[EXERCISE DATA — start]

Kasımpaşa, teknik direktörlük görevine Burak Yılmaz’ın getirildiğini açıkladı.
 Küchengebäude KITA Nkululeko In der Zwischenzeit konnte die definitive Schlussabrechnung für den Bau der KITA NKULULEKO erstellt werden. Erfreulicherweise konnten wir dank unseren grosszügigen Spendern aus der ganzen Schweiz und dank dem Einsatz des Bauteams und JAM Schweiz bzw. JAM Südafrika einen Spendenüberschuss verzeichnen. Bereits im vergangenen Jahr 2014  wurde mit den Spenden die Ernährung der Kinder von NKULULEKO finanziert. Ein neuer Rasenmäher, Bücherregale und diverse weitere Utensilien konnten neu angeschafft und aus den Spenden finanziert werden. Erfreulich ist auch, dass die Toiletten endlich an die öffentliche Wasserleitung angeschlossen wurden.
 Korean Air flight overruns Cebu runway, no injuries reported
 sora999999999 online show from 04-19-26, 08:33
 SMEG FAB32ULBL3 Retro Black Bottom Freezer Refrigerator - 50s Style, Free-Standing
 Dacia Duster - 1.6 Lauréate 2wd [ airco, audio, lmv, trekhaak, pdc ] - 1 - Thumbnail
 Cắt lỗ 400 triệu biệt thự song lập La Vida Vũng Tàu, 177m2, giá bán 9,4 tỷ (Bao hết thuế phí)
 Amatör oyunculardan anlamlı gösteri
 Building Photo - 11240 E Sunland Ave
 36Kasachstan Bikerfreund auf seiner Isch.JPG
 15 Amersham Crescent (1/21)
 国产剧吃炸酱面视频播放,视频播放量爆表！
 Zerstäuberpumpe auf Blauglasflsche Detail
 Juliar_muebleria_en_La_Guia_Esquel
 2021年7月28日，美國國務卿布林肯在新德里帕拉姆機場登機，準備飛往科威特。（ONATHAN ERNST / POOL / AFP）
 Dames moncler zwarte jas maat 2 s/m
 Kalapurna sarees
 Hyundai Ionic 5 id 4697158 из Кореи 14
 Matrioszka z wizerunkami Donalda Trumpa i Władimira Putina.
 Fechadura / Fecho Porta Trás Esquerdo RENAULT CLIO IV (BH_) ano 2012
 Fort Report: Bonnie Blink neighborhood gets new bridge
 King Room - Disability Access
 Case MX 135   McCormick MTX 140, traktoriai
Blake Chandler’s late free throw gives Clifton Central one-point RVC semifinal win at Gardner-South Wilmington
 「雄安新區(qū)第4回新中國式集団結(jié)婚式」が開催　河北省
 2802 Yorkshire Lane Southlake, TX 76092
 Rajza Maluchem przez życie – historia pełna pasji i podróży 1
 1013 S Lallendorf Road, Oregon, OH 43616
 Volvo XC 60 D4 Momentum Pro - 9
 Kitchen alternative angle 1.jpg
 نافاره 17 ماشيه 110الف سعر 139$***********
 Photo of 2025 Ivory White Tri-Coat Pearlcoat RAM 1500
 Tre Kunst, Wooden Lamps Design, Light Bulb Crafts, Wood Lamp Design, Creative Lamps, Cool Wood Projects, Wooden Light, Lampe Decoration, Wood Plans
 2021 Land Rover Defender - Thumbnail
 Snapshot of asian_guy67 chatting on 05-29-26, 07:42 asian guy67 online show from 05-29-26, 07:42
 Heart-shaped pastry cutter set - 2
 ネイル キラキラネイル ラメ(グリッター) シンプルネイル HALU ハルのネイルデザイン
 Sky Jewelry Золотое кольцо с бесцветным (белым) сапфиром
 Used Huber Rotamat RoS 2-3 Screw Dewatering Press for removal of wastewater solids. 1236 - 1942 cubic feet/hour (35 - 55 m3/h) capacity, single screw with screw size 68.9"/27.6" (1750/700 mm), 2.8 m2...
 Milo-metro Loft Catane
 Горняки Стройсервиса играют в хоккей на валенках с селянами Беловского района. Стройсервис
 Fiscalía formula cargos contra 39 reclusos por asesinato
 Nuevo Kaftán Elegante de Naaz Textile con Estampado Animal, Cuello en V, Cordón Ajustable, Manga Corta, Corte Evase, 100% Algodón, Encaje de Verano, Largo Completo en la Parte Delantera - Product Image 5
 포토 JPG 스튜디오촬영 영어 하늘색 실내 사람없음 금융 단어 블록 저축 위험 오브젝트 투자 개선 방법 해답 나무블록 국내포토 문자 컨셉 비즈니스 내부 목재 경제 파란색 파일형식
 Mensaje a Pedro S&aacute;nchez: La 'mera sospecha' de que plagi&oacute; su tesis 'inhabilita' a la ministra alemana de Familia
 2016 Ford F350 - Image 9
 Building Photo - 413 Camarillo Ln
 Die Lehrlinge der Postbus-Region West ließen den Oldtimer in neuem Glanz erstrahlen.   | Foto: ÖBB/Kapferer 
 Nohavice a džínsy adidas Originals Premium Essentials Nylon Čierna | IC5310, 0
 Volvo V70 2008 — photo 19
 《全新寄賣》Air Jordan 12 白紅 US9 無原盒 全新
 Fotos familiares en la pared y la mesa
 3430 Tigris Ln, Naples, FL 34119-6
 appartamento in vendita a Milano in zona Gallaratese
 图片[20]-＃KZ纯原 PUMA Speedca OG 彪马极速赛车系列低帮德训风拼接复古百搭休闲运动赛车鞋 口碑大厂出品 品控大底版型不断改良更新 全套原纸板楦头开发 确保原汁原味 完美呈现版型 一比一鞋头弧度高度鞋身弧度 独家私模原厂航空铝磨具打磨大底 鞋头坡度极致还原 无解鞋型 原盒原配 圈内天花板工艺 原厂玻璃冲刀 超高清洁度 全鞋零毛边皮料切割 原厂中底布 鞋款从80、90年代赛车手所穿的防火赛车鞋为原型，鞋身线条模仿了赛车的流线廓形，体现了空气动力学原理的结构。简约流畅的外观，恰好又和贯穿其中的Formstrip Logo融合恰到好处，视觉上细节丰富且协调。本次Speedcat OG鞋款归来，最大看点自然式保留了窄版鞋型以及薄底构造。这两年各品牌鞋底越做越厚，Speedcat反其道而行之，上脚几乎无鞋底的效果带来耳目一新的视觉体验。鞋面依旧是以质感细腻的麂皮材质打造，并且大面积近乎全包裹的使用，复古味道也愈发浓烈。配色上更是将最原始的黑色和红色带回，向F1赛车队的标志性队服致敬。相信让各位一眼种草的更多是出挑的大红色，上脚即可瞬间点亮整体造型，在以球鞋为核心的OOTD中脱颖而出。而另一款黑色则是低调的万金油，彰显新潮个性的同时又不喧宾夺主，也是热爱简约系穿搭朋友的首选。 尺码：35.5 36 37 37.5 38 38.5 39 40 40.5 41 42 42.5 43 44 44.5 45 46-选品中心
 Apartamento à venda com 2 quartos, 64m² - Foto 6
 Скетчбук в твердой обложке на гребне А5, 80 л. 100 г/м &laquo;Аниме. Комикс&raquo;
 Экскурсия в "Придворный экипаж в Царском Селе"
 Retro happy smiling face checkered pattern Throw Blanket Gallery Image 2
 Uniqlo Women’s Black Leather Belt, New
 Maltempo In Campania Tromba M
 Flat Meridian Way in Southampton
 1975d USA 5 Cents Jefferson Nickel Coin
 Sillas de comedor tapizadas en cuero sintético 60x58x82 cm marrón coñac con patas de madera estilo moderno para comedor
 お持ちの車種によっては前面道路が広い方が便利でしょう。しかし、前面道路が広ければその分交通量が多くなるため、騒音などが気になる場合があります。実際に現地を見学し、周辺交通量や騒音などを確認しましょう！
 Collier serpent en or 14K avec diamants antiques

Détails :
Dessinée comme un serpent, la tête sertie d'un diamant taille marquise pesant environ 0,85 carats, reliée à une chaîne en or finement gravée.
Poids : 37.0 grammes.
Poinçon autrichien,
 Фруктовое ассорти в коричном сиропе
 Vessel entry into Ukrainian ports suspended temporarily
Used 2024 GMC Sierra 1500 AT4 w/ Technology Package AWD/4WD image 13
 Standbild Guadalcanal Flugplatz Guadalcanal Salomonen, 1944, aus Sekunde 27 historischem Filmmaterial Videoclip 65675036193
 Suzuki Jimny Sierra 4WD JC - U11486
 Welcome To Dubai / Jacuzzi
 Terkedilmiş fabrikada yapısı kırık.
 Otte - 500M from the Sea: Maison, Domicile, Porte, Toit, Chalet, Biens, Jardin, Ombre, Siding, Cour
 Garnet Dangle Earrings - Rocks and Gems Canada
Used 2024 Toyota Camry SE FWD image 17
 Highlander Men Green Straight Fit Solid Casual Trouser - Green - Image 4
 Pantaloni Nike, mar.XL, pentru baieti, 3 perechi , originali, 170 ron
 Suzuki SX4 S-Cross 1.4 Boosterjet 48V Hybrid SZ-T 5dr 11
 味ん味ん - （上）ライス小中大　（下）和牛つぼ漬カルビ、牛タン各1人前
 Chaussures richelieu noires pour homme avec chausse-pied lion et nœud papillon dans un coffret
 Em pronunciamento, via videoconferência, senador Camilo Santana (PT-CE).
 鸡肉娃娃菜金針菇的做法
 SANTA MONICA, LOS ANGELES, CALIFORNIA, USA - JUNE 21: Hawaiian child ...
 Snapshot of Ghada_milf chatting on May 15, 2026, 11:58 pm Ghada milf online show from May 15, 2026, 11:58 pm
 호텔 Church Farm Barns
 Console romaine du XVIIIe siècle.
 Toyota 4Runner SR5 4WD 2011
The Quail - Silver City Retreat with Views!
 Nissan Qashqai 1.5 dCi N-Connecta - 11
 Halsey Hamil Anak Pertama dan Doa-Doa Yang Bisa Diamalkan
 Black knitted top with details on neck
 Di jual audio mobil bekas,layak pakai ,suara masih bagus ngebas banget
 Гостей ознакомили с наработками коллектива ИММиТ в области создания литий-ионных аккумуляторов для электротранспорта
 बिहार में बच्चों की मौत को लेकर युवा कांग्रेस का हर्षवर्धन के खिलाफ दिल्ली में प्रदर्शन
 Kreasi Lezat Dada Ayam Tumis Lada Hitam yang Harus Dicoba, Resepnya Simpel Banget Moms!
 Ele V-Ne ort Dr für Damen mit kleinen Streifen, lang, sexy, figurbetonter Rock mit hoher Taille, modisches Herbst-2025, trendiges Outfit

[EXERCISE DATA — finish]

- _WHAT IS NEEDED_
Whenever a line includes the word "Black", pull it out of the entries.

- _TASK RESPONSE_
 SMEG FAB32ULBL3 Retro Black Bottom Freezer Refrigerator - 50s Style, Free-Standing
 Uniqlo Women’s Black Leather Belt, New
 Black knitted top with details on neck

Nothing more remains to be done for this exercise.